▶ [Exercise aim] Your copy should match the records below word for word and contain no pictures.

▶ [Record set]
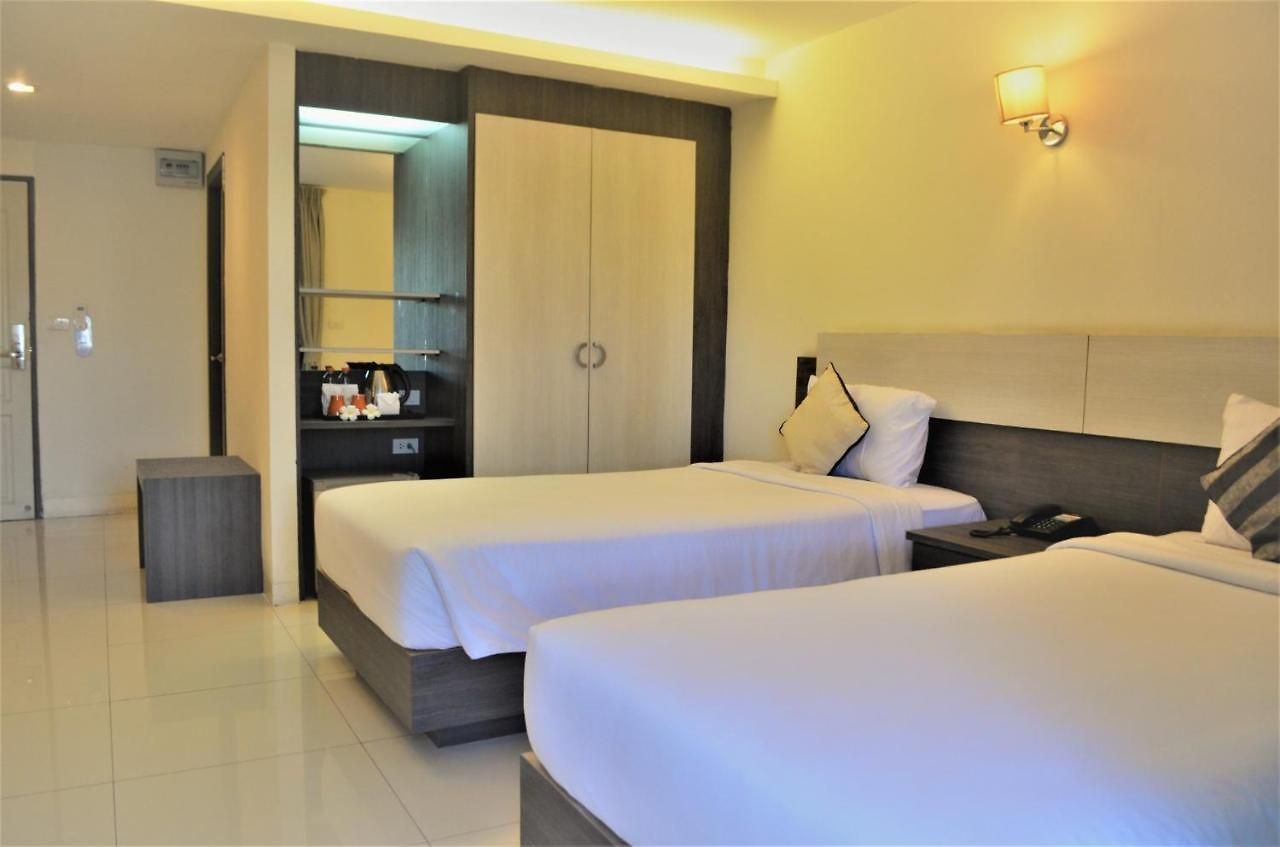 โรงแรม The Zen 3*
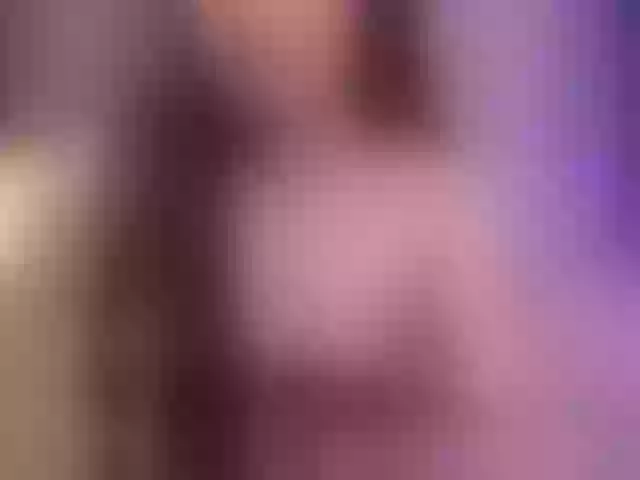 Live sex webcam photo for EmilySunder #273996339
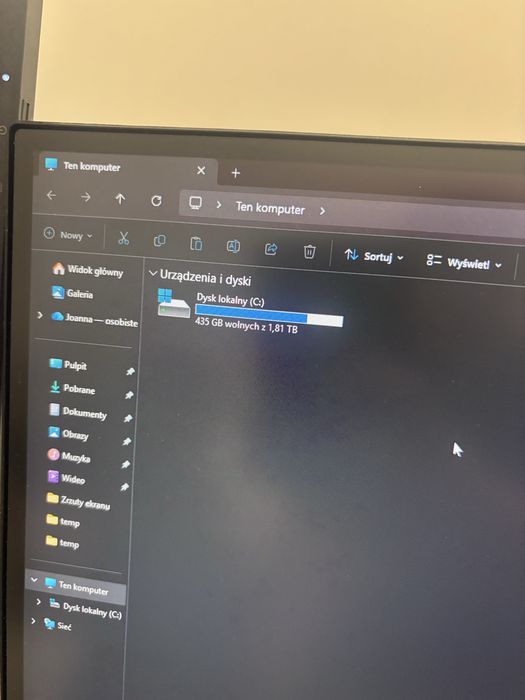 Komputer Ryzen 5 5600, radeon rx 9060xt, 16 gb ram + monitory i myszka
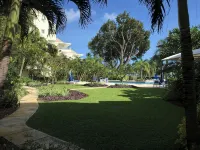 Palm Beach - Tropical Paradise on the Beach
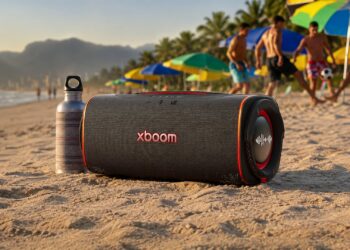 LG lanza su altavoz xboom Blast: 220 W, 36 horas de batería y potencia casi idéntica incluso sin enchufarlo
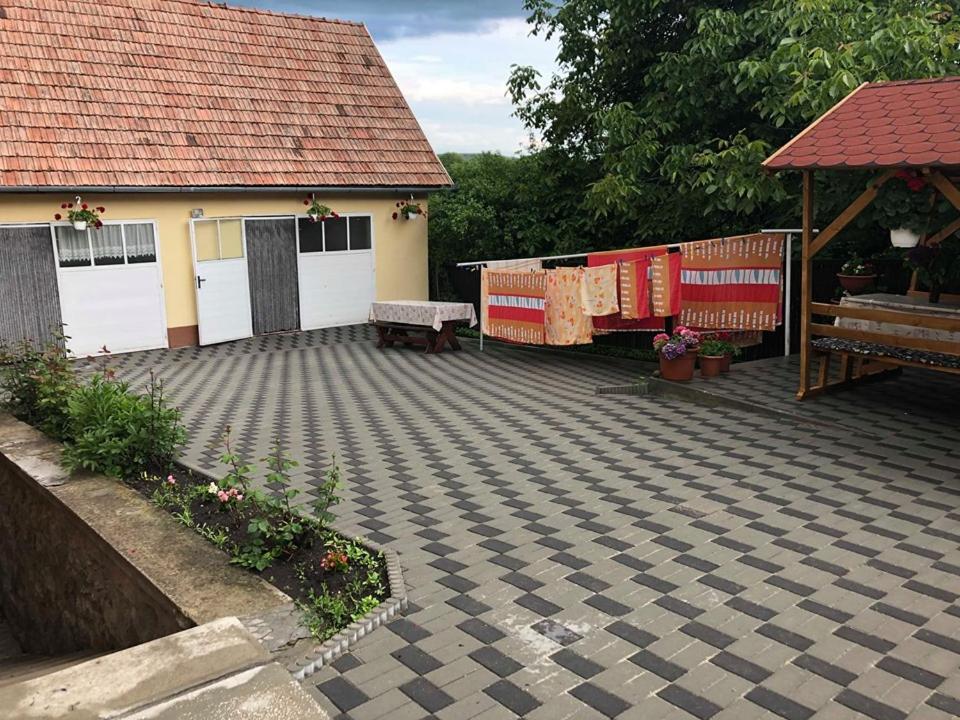 Aparthotel Balazs Vendeghaz Lupeni  Exterior foto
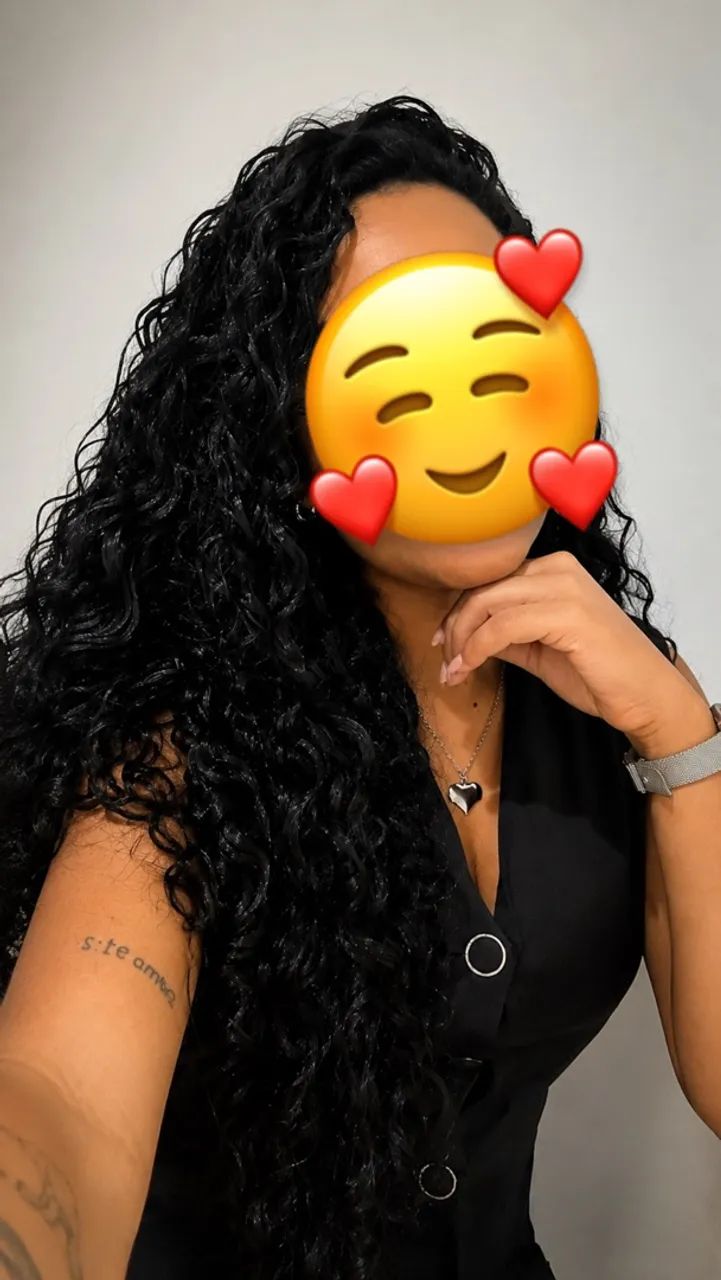 Wig cacheada 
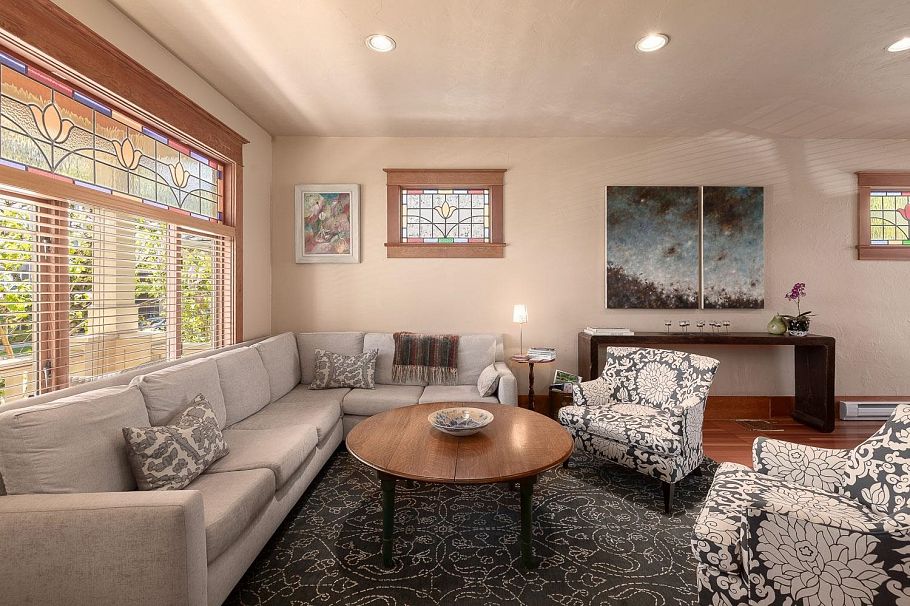 237 E 24th Avenue Vancouver, BC - 4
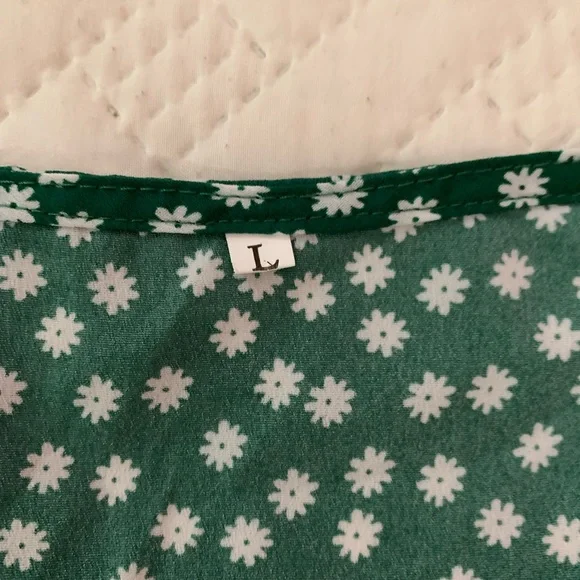 Super cute green top - Picture 3 of 3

▶ [Task result]
 โรงแรม The Zen 3*
 Live sex webcam photo for EmilySunder #273996339
 Komputer Ryzen 5 5600, radeon rx 9060xt, 16 gb ram + monitory i myszka
 Palm Beach - Tropical Paradise on the Beach
 LG lanza su altavoz xboom Blast: 220 W, 36 horas de batería y potencia casi idéntica incluso sin enchufarlo
 Aparthotel Balazs Vendeghaz Lupeni  Exterior foto
 Wig cacheada 
 237 E 24th Avenue Vancouver, BC - 4
 Super cute green top - Picture 3 of 3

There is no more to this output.